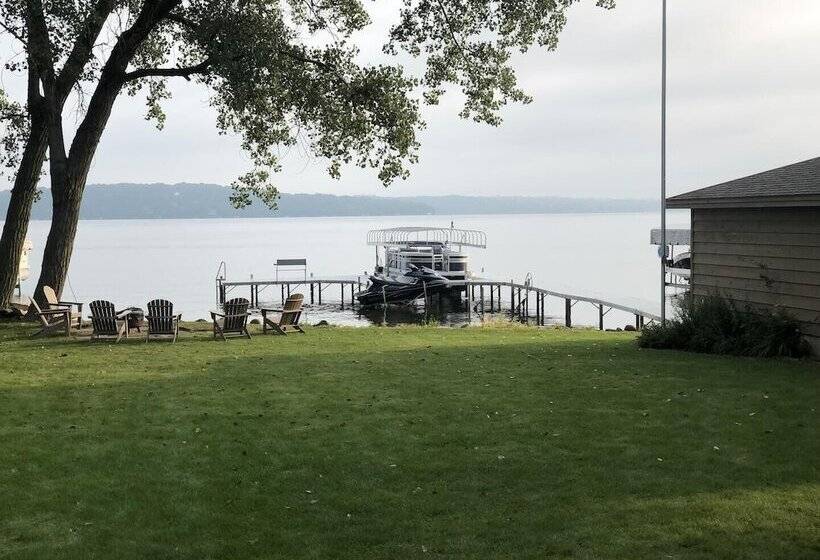 Longview Lodge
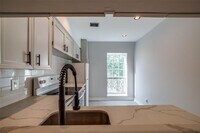 9025 Rue Cambon St photo'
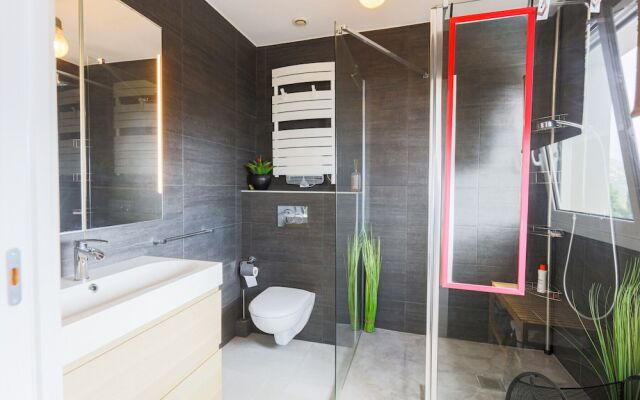 Monaco Vista VI4202 by Riviera Holiday H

Required action ▸ Please transcribe the listing exactly as it stands, but omit its pictures.

Answer to this problem ▸
 Longview Lodge
 9025 Rue Cambon St photo'
 Monaco Vista VI4202 by Riviera Holiday H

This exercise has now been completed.